* _PROBLEM STATEMENT_
Starting at the line with "Дезинфектор БСХ (быстрый", copy each line through the last one below exactly as written, without any pictures.

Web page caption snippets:
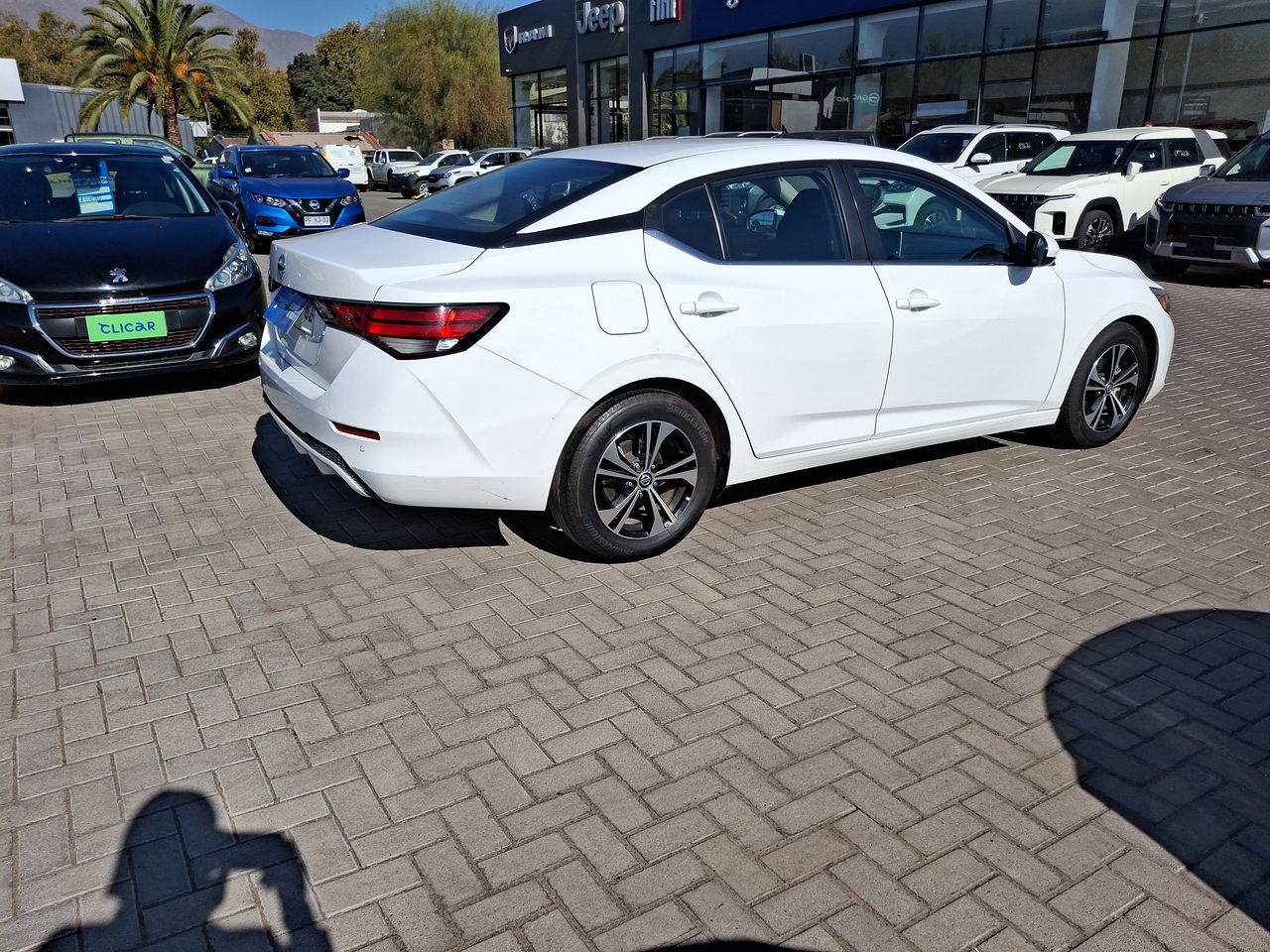 NISSAN - 7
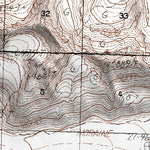 (60142e1) Page 023 Bering Glacier - Central Preview 3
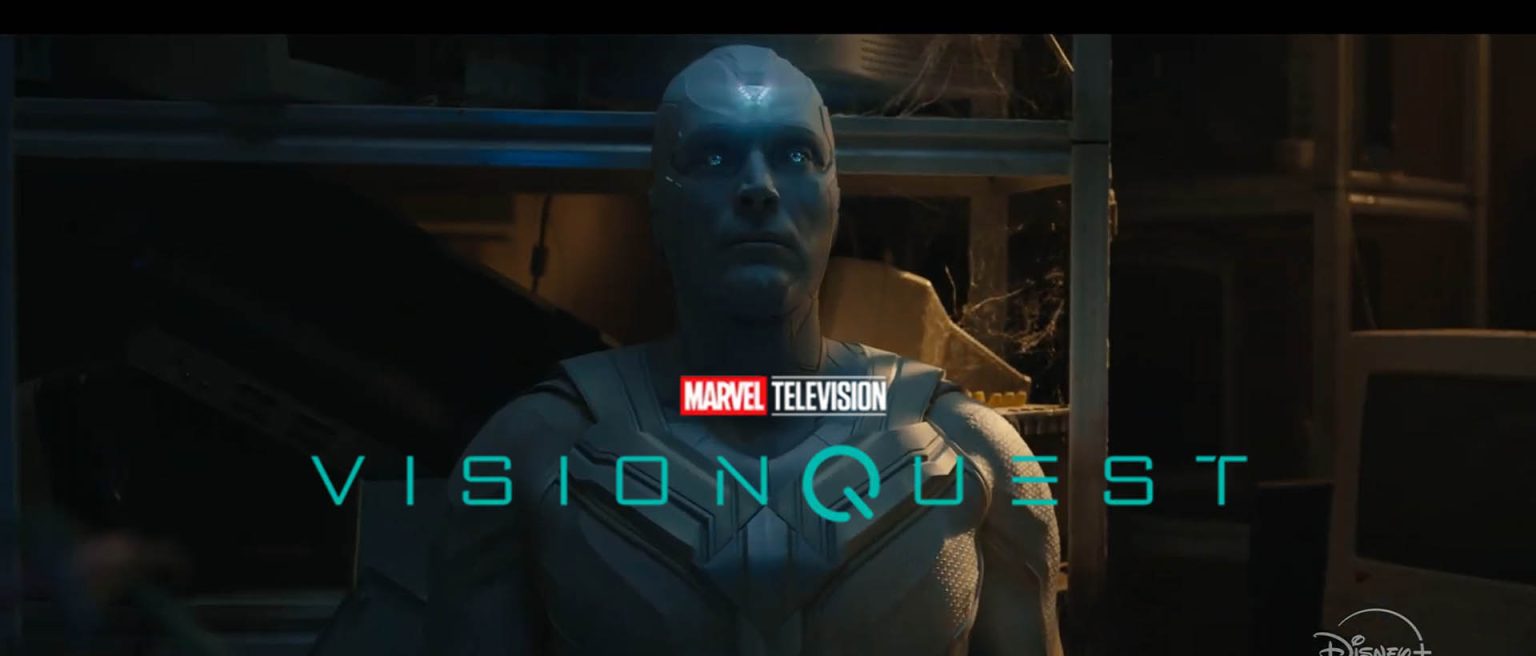 visionquest full trailer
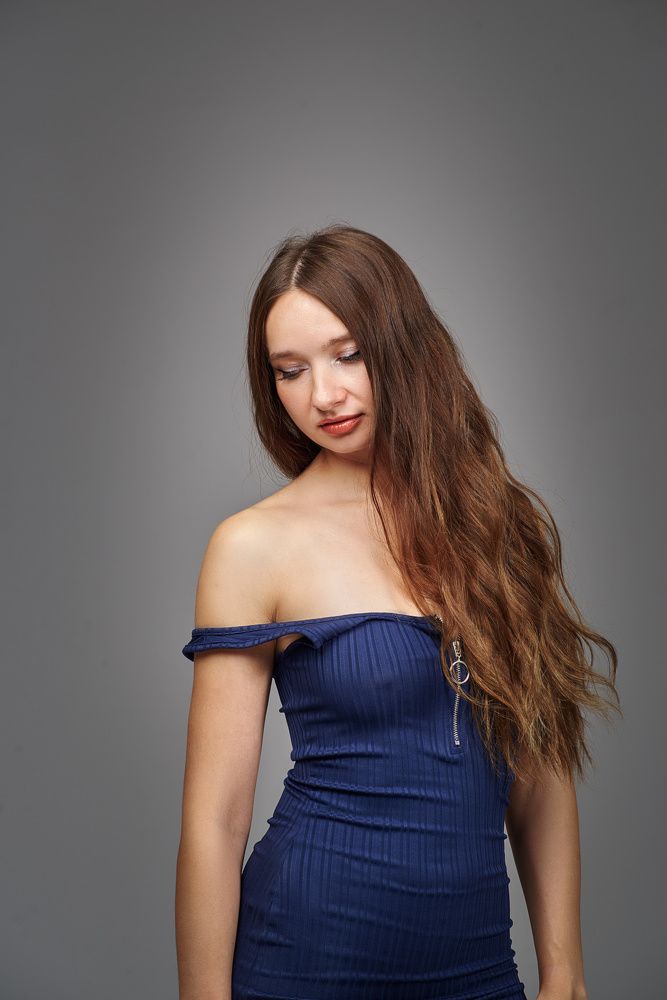 Photograph by Serguei Boukarev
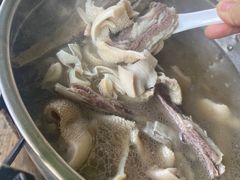 -阿婆东山羊肉店(鸿港海鲜批发市场店)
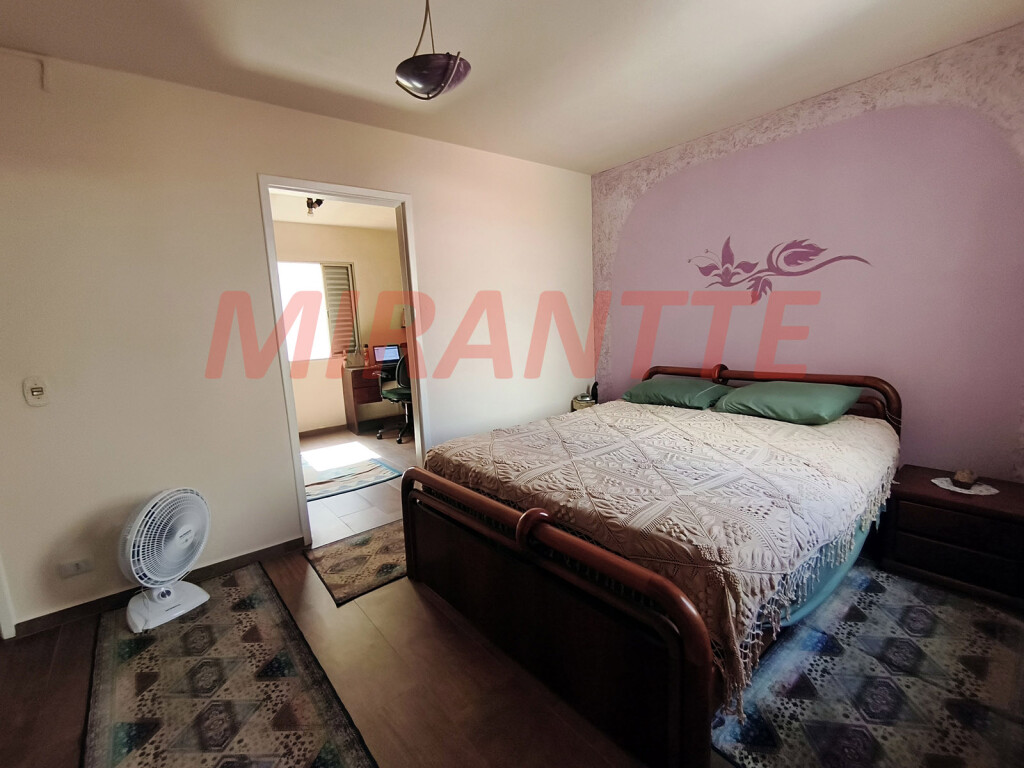 Sobrado de 1995m² com 2 quartos em Santa Teresinha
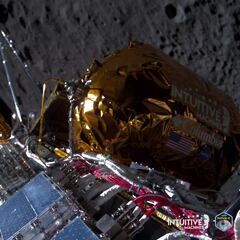 The Odysseus lands on the Moon: What is the mission of the lunar lander?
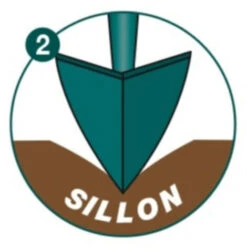 LEBORGNE - Binette Japonaise NaturOvert 1kg Manche Bois Percé Certifié PEFC 100% 150cm - 467041 8 LEBORGNE - Binette Japonaise NaturOvert 1kg Manche Bois Percé Certifié PEFC 100% 150cm - 467041 -Terre Tendre Soldes Boutique 72684849 4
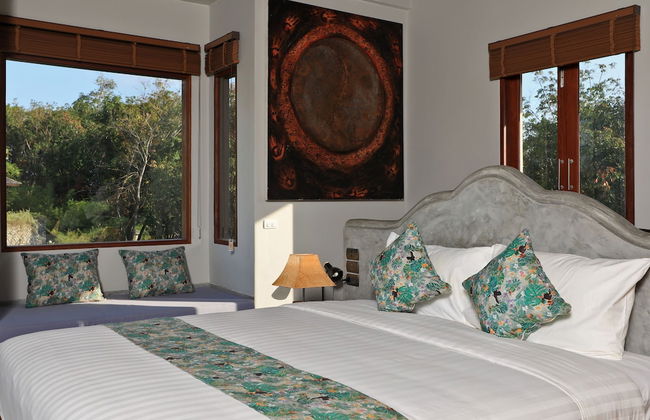 SAMSAM Yao Noi - ANDAMAN MAGIC & ART VILLAS - Foto 41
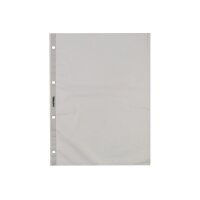 NOVOOO Zeigetasche PP 60my A4 070-5449-019 transparent,...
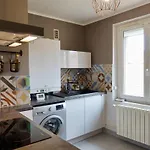 Cosy Avec Balneo - A Pied 아파트 *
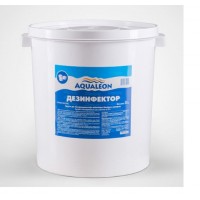 Дезинфектор БСХ (быстрый стаб. хлор в таблетках 20 г) 25кг 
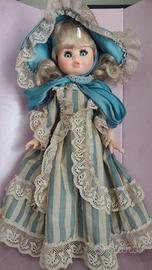 Bambola Furga "Cristina" 5200 – Serie Le Damine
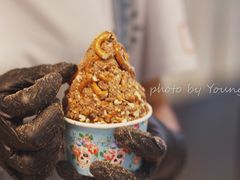 -BLEUSKA布乳斯佳冰淇淋(金沙印象城店)
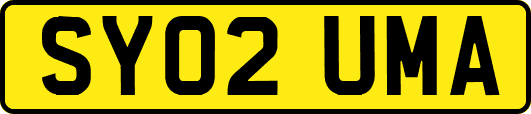 SY02UMA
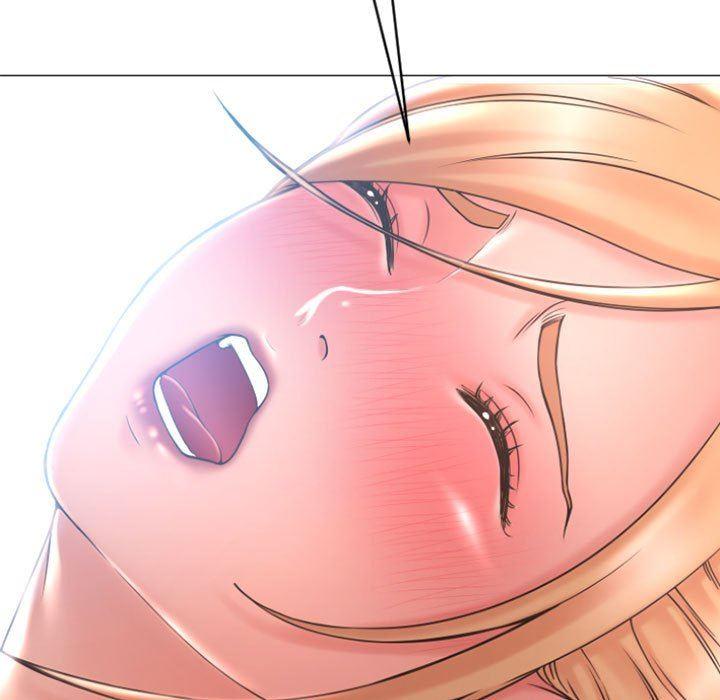 隔壁的她，第25话，第 77 页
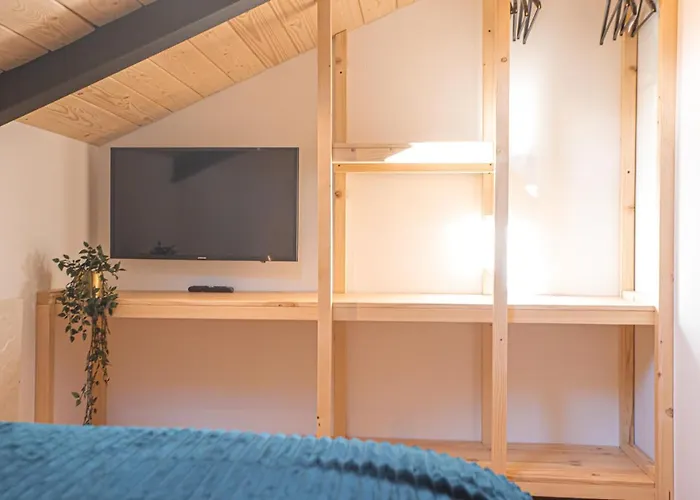 Apartamento Blossom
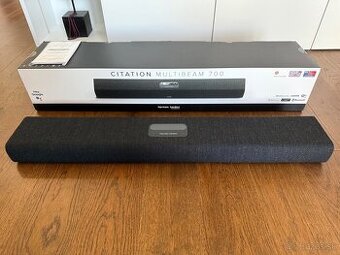 Harman Kardon Citation MultiBeam 700 čierny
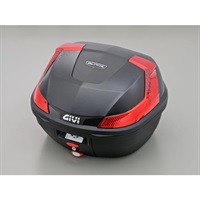 B37 BLADE 37L トップケース（モノロック）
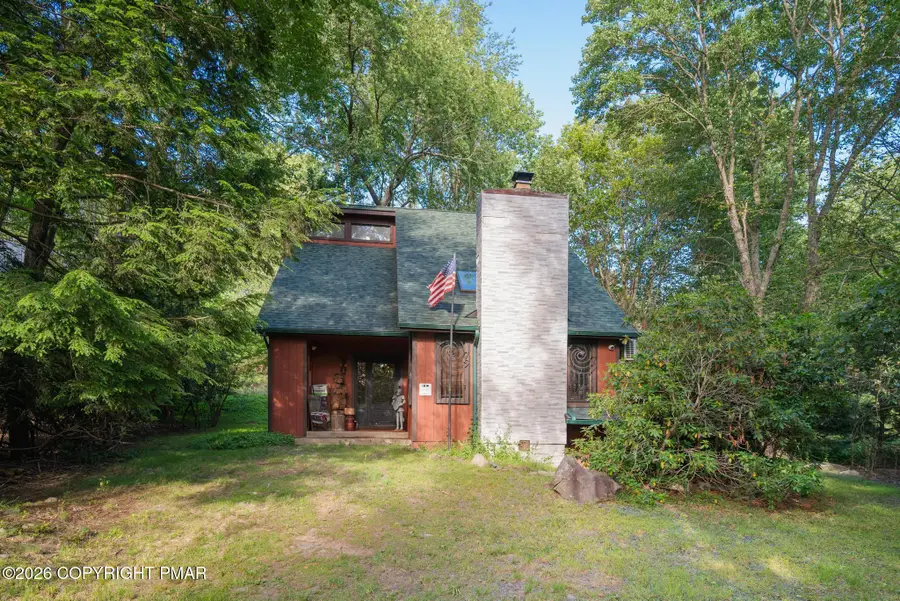 328 Miller Drive, Pocono Pines, PA 18350 - #2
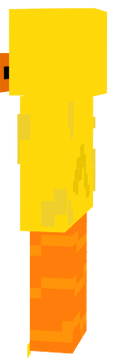 my skins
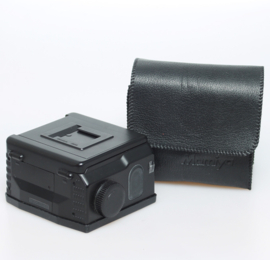 Mamiya M645 filmback 120 (Pro / Super)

* _EXERCISE ANSWER_
 Дезинфектор БСХ (быстрый стаб. хлор в таблетках 20 г) 25кг 
 Bambola Furga "Cristina" 5200 – Serie Le Damine
 -BLEUSKA布乳斯佳冰淇淋(金沙印象城店)
 SY02UMA
 隔壁的她，第25话，第 77 页
 Apartamento Blossom
 Harman Kardon Citation MultiBeam 700 čierny
 B37 BLADE 37L トップケース（モノロック）
 328 Miller Drive, Pocono Pines, PA 18350 - #2
 my skins
 Mamiya M645 filmback 120 (Pro / Super)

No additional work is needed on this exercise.